Component Watch: What's Moving This Week

GaN power devices. Infineon lead times have stretched from 12 to 16–22 weeks, pulled by AI server power-supply units and EV chargers. GaN's high switching frequency (often 1–3 MHz) is exactly why it is used in dense power conversion — and exactly why it is an EMI source.

Aluminum substrates (IMS). Insulated-metal-substrate board lead times are up ~20% on AI-accelerator thermal demand. With aluminum at $3,667/t (+49% YoY), the substrate is getting more expensive on both supply and material cost.

Ferrite beads. High-current automotive-grade ferrite beads are showing distributor inventory below 8 weeks. Ferrite beads are a frontline conducted-EMI tool — tightness here directly raises EMC design risk.

AI Hardware: The 800-Watt Problem

A modern AI rack is the most hostile EMI environment ever shipped in volume — and it is sitting in a room with thousands of identical neighbors.

The numbers have moved past Blackwell. NVLink 6 now runs 400 Gbps SerDes for 3.6 TB/s of bandwidth per GPU, and an NVIDIA Vera Rubin NVL144 rack draws 300+ kW. Consider what that means electromagnetically.

To deliver hundreds of kilowatts at sub-volt core rails, the power-delivery network runs multiphase voltage regulators switching at 500 kHz–1 MHz, each phase commutating 100+ amps. The relevant EMI quantity is not the current but its time derivative:

V_noise = L_parasitic × (di/dt)

A 100 A transition in 10 ns is di/dt = 10¹⁰ A/s. Across just 100 pH of parasitic loop inductance, that generates 1 volt of switching noise — per phase, per regulator, multiplied across a rack with thousands of phases.

That noise propagates two ways:

Conducted — through the power-distribution network into adjacent boards, where it appears as rail ripple and ground bounce.
Radiated — from every loop, harness, and aperture, with a spectrum extending into the GHz because the edge rates, not the switching frequency, set the knee (f_knee ≈ 0.35/t_rise).

The 400 Gbps NVLink 6 SerDes lanes are simultaneously the victims — a few hundred millivolts of coupled noise closes a high-speed eye. Board-level shielding is no longer a compliance checkbox in this environment; it is the wall between the power section's switching noise and the SerDes that must survive it.

⚠️The datacenter multiplier

One rack is hard enough. A datacenter hall has hundreds. Conducted emissions sum on shared infrastructure; radiated fields superpose. EMC design margin that is "fine" on a single rack on the bench can be marginal at hall scale.

Design Corner: Your Thermal Pad Is Killing Your Shield

Here is a failure mode that hides in the mechanical BOM. A board-level shield is grounded to the PCB at a defined set of points — that controlled ground is what makes it a Faraday boundary. Now a heatsink is mounted above, and a thermal interface material (TIM) fills the gap between heatsink and shield (or heatsink and die).
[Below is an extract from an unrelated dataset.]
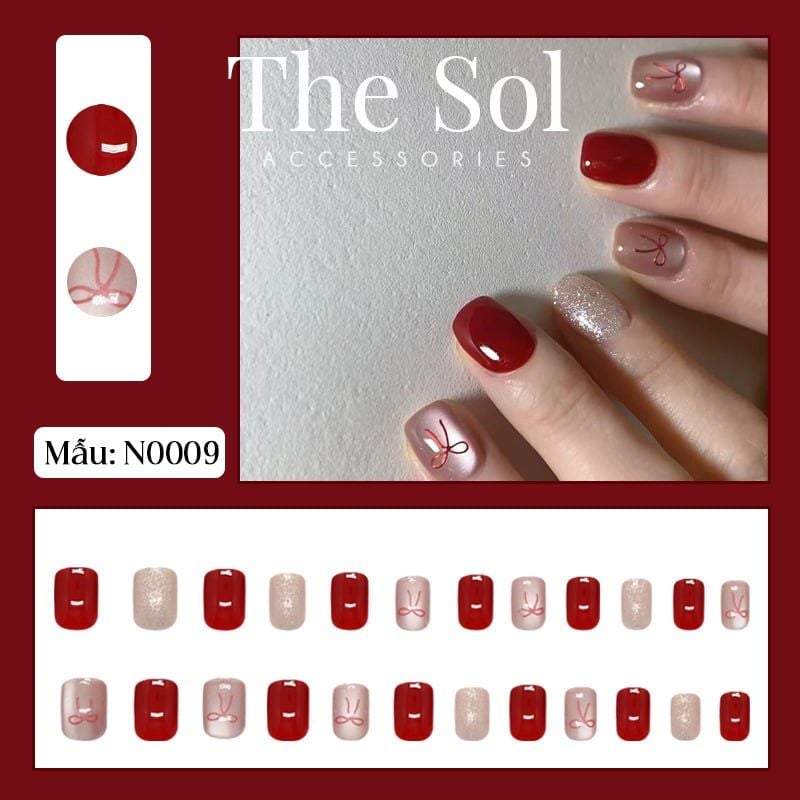  Bộ Nailbox 24 Móng - N0009 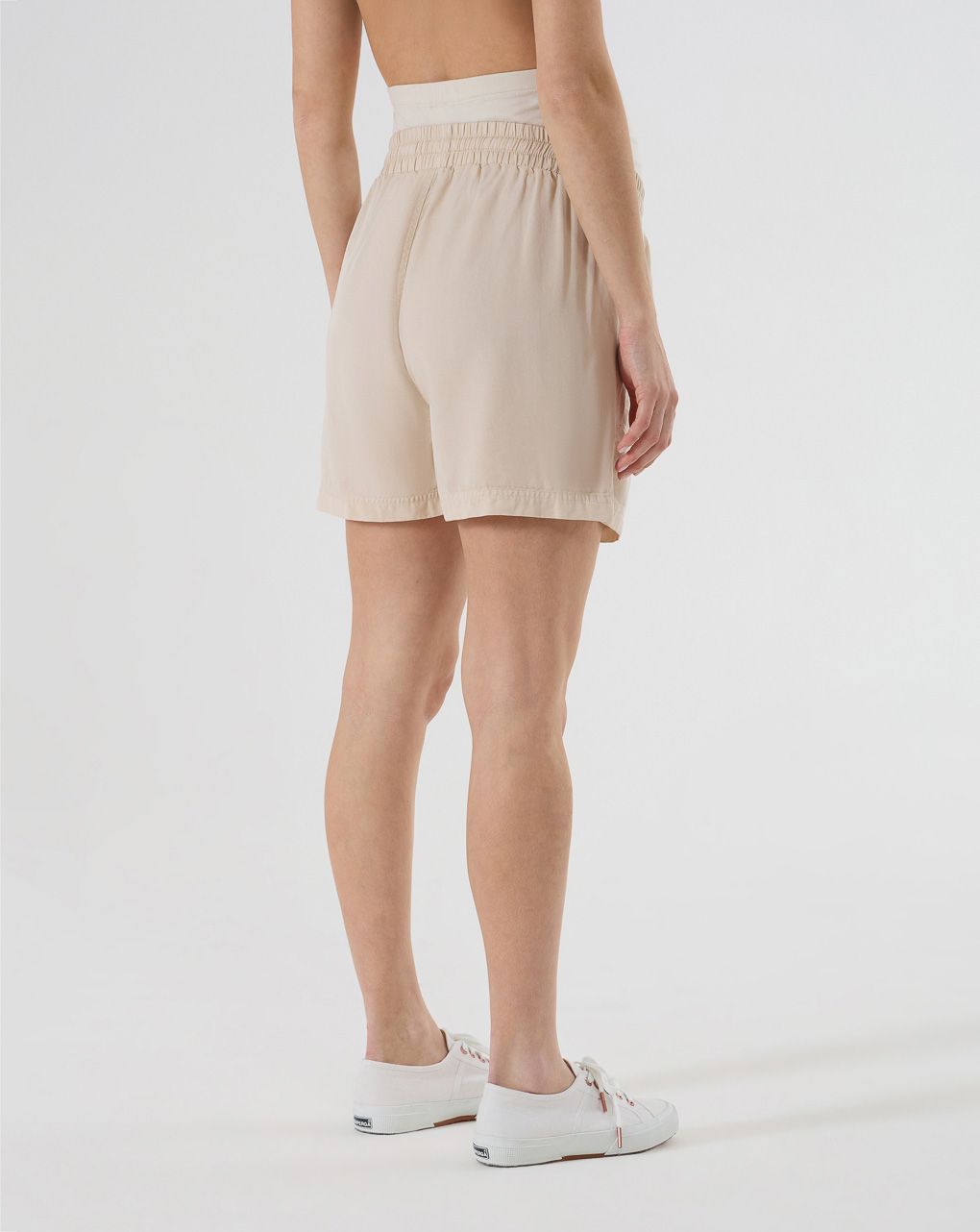 Shorts premaman lyocell beige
If that TIM is electrically conductive (graphite-loaded, metal-particle-filled), it couples the heatsink to the shield. The heatsink — a large, ungrounded or differently-grounded piece of metal — is now electrically part of your shield system. It becomes a driven monopole/patch: noise currents on the shield flow into the heatsink, and the heatsink's geometry radiates them. Measured effect: 10–15 dB of added radiated emissions in the 1–3 GHz band.

The fix is to break that path:

Use an electrically insulating TIM (unfilled silicone, ceramic-filled silicone) when the heatsink has its own independent ground or is intentionally floating.
If the heatsink must be grounded, ground it deliberately with a low-inductance strap to the same reference as the shield — do not let a thermal pad make the connection for you accidentally.

The thermal and EMI requirements are coupled and must be co-designed; choosing a TIM for thermal conductivity alone is choosing an antenna by accident.

Bench Note

A customer's accelerator board measured 12 dB worse radiated emissions than its layout predicted, broadband across 1–3 GHz. The layout was clean. The culprit was a conductive graphite thermal pad bridging the heatsink to the board-level shield, turning the heatsink into a radiator. Swapping to a silicone insulating pad of equivalent thermal conductivity dropped emissions back to the predicted level — no layout change, no respin, a TIM line-item swap.

One Thing

A Vera Rubin NVL144 rack draws over 300 kW and moves 3.6 TB/s per GPU over 400 Gbps SerDes. EMI design is no longer a department — it is the architecture.

— Mike Kwak, POCONS USA